Каждый из самостоятельных филологов-зарубежников 1960–1980-х годов, условно говоря, сверстников Зверева – Александр Викторович Михайлов, Альберт Карельский, Самарий Великовский, Инна Тертерян (называю лишь самых крупных из ушедших и не упоминаю о номенклатурном начальстве и рядовых «дежурных по казарме») – вынужден был определяться в подобной ситуации, делать свой выбор, вычерчивать собственную траекторию, сознавая и принимая в расчет упомянутые выше обстоятельства. Груз этих невеселых компромиссов, многолетнего смирения и переламывания себя так или иначе нес, я думаю, каждый из названных, и кто скажет, не он ли предопределил их безвременный уход? По крайней мере, какую-то странную печаль А. М., неотделимую для меня от его всегдашней взнервленности и головокружительной поглощенности делом, я всегда понимал именно в таком смысле. Да и вряд ли только идеологической накачкой извне и мучительной внутренней самоцензурой можно объяснить такое пристрастие Зверева, как и других только что названных исследователей, к проблематике «кризиса» и «протеста» в новейшей культуре, «трагическому восприятию жизни» у их любимых авторов, ценности «искреннего» и «честного» свидетельства в литературе.

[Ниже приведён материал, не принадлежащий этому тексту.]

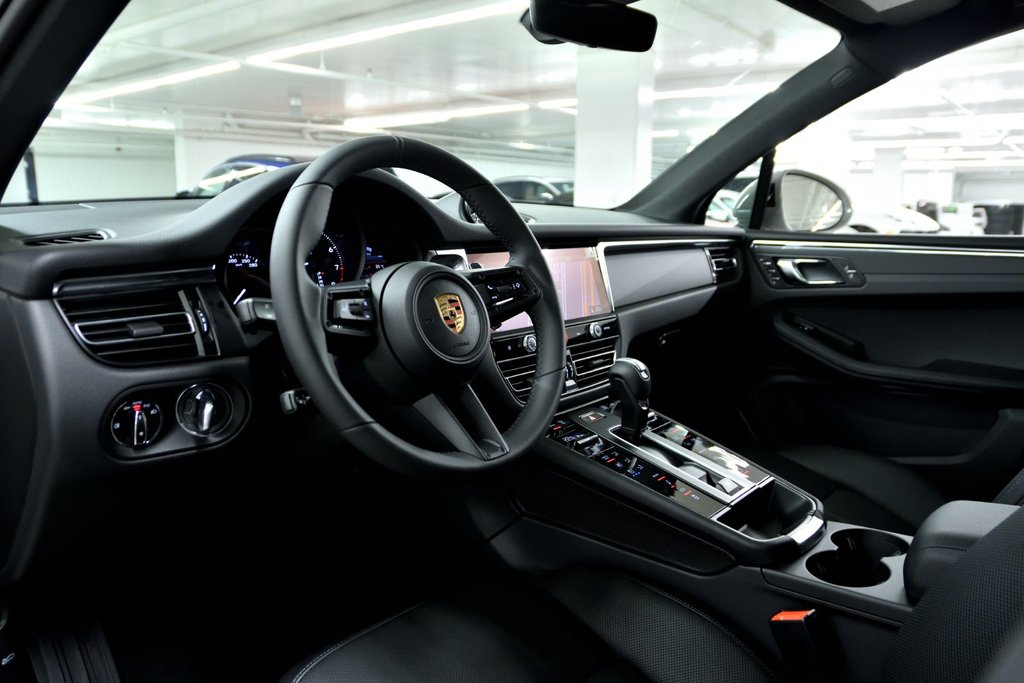 Porsche Macan  2025 à Laval, Québec - 14 - w1024h768px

Сказать, что Зверев много знал или что он много работал, значит не сказать почти ничего. В устных обсуждениях, разговорах по дороге, машинописных наметках к упомянутому словарю писателей XX века он уже тогда, помню, поразил меня самым скрупулезным и основательным, из первых рук, знанием Броха и Лагерквиста, Песоа и Гари, Янна и Кундеры (о собственно американской словесности уж не говорю). Но, кажется, Алексею Матвеевичу и этого было мало: он все время рвался к новой работе, словно стремясь раздвинуть всякую, и без того наполненную трудом, минуту, чтобы втиснуть в нее еще и еще. При этом он и в самые глухие годы не бежал от трудностей и брался за предприятия, на первый взгляд совершенно неисполнимые. Напомню об одном из них: выпустить в беспросветном 1979 году, году афганской войны, судорожной подготовки к скорой Олимпиаде, пещерного постановления ЦК «О дальнейшем улучшении идеологической и политико-воспитательной работы» и проч., книгу об американском модернизме, Паунде и Элиоте, Уильямсе и «школе черного юмора» – это же, кажется, голову себе надо было сломать! Но по-настоящему эта задавленная в лучшую, молодую пору, нерастраченная зверевская энергия нескольких десятилетий разом, каким-то пугающим взрывом выхлестнула в 1990-е годы, захватывая новые и новые области. Тут были и современный отечественный театр, и творчество Набокова, и самостоятельные переводы («Плавучая опера» Джона Барта), и литературная жизнь русского зарубежья, и словесность Скандинавии, Восточной Европы, Латинской Америки… Я изумлялся и радовался: кажется, ему – случай в наших полусонных, нарциссических краях куда как редкий – до всего было дело, и ничто он не считал ненужным, тягостным, посторонним, чужим. Он умел быть шире себя, не уставал искать и удивляться, с личной заинтересованностью ценить новое, даже если оно не во всем совпадало с его вкусом.